## What is required
Reproduce, exactly and only, the lines of the data that follows from the one containing "UBND TP.HCM cho" down to the one containing "Vecchio fienile abbandonato", without pictures.

[Opening Data supplied section]

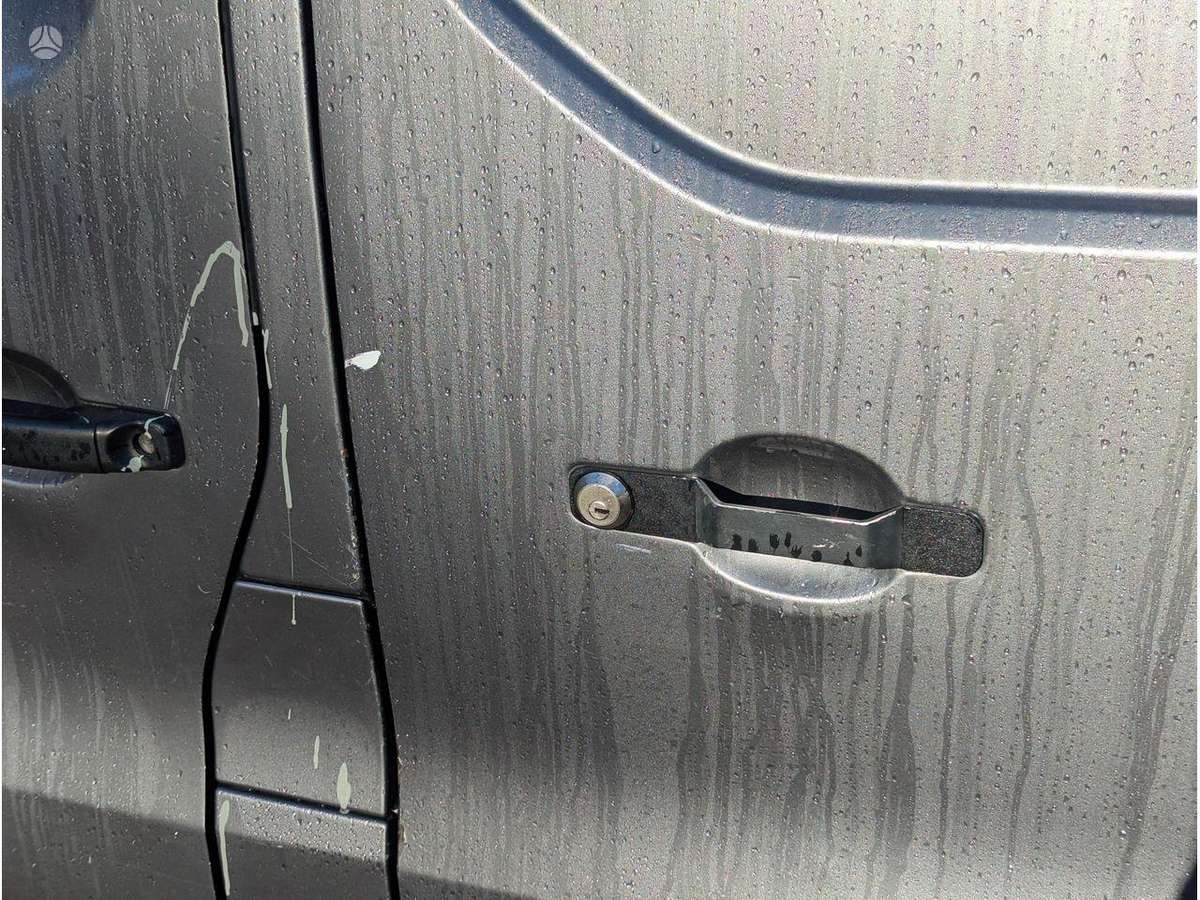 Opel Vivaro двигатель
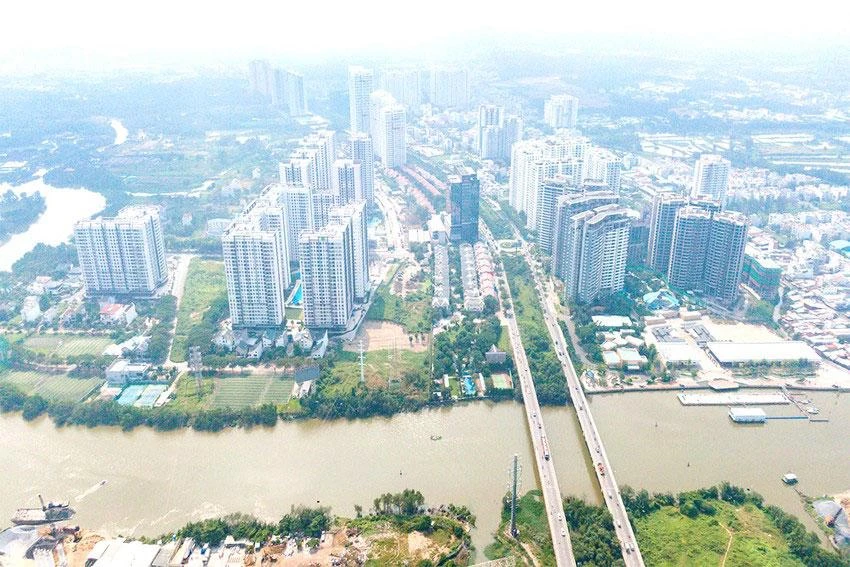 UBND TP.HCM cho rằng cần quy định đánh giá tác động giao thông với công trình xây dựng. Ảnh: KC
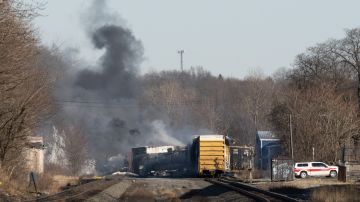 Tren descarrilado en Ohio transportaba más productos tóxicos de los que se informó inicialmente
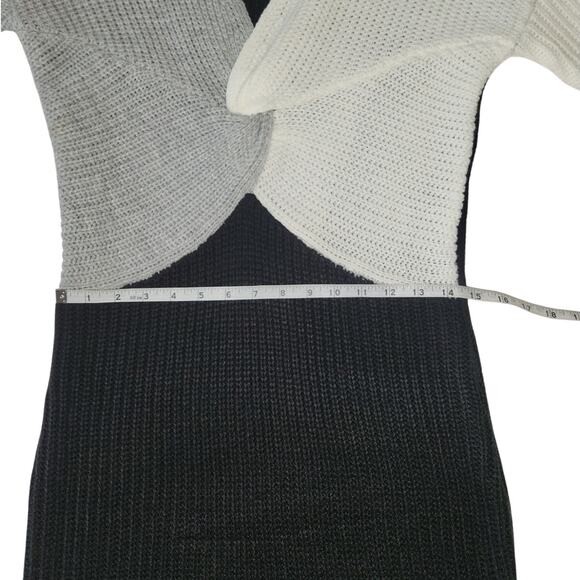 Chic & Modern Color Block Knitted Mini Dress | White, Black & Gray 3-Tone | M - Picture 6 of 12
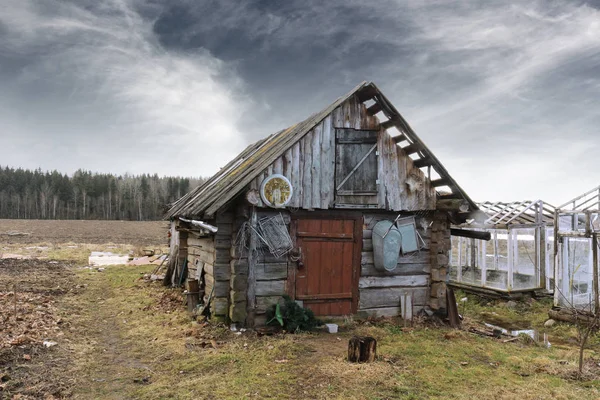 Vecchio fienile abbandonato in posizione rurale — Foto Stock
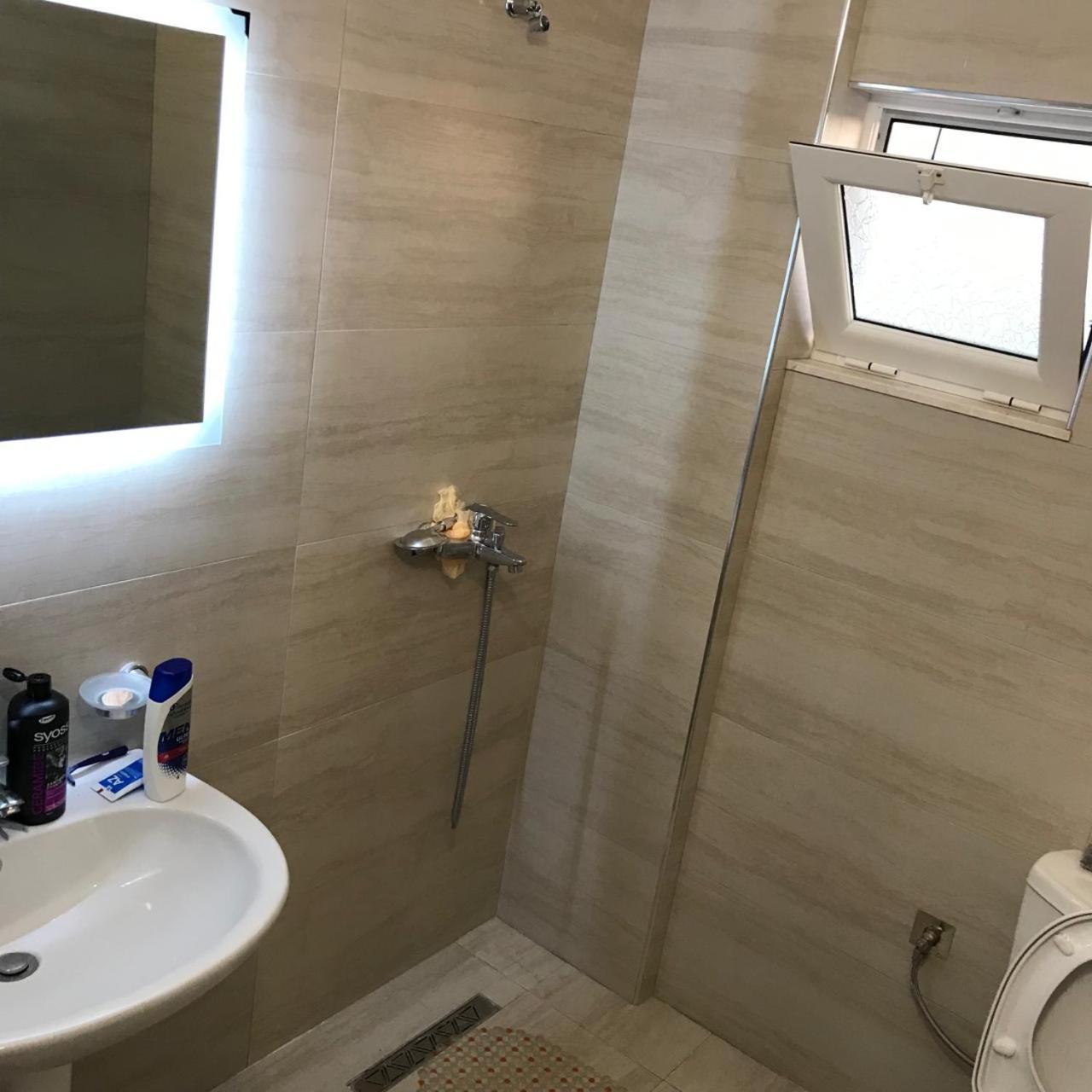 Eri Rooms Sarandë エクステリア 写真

[Closing Data supplied section]

## Answer box
 UBND TP.HCM cho rằng cần quy định đánh giá tác động giao thông với công trình xây dựng. Ảnh: KC
 Tren descarrilado en Ohio transportaba más productos tóxicos de los que se informó inicialmente
 Chic & Modern Color Block Knitted Mini Dress | White, Black & Gray 3-Tone | M - Picture 6 of 12
 Vecchio fienile abbandonato in posizione rurale — Foto Stock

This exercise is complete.